As such, the company has worked to extend its secure container technology out from smartphones and tablets to wearables, allowing IT organisations to have fine-grain control over which data can get to these devices and ultimately, to allow it to separately encrypt and protect that data.
Centrify chief marketing officer, Mark Weiner, agreed security is a key element for this trend and mentioned the growing smartwatch space is the reason behind Centrify’s solution for wearables.
The unified identity management company recently announced it has extended its security protection to the next generation of wearable devices by enabling multi-factor authentication and single sign-on features.
“We see a lot of interest from customers for this. Along with securing the apps, people will be able to manage their devices. That’s a logical extension from tablets, and mobile phones. They all need to be managed because all of them have company apps and confidential information on it,” he said.
As a result, businesses to prepare themselves for the smartwatch wave by creating policies and strategies around dealing with company data on these devices.
“A lot of businesses aren’t prepared for this just like they weren’t prepared for the BYOD to smartphone wave we’ve seen in the past. If anything, wearables will make it that bit harder because it’s difficult to detect,” Gedda said.

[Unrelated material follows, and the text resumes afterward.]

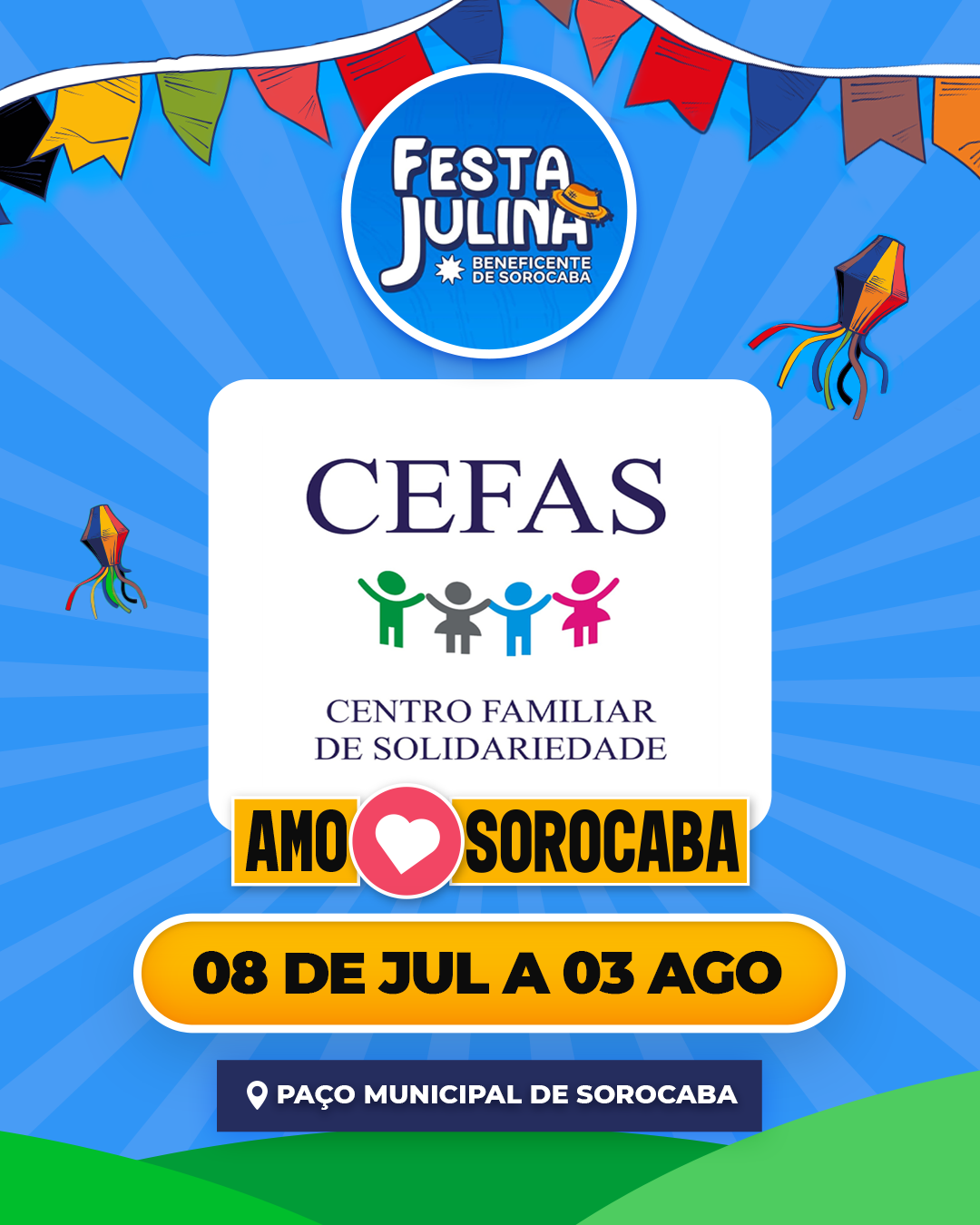 CEFAS E AMO SOROCABA NA FESTA JULINA DE SOROCABA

But the smartwatch space is something the local reseller channel can bank on as the growth in the Australian smartwatch market in 2015 is expected to open up a lot of opportunities in that space. They should look for avenues to partner with organisations that for example, develop applications or offer value added services like security.

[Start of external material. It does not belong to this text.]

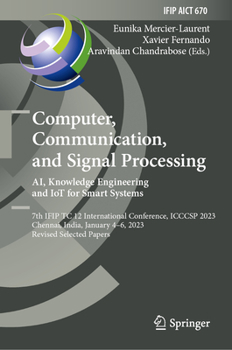 Hardcover Computer, Communication, and Signal Processing. Ai, Knowledge Engineering and Iot for Smart Systems: 7th Ifip Tc 12 International Conference, Icccsp 2 Book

“Every reseller play in the mobile device space can be applied to wearables including mobile device management, data security, data backup, application revisioning and application development. The opportunities are all there, it’s just a matter of getting the right APIs and the right way to distribute to an audience,” Gedda said.
Someren mentioned that although most smartwatches will primarily be consumer purchases rather than corporate buys initially, enterprises are going to need some specialised software in order to enable these devices to be used securely with enterprise data when they become popular in the workforce.
“At the hardware level the traditional enterprise channels will not be involved initially but we very much hope and expect that the channels are going to be involved in the delivery of that software. There is still very much a play for the channel in providing the software and the management," he said.
“We expect to have strong channel engagement both for the delivery of on-premise software deployments as well as managed service providers for such solutions.”
Weiner claimed this transition is positive for the channel because it’s going to drive end users and companies to new computing environments and incremental app sales. It also drives professional services and integration opportunities.
“There’s more platforms to run more apps and to do more business process and optimisation. So the channel can get into systems integration, or tying it in to other back-end resources. It opens up avenues for IT to drive business,” he added.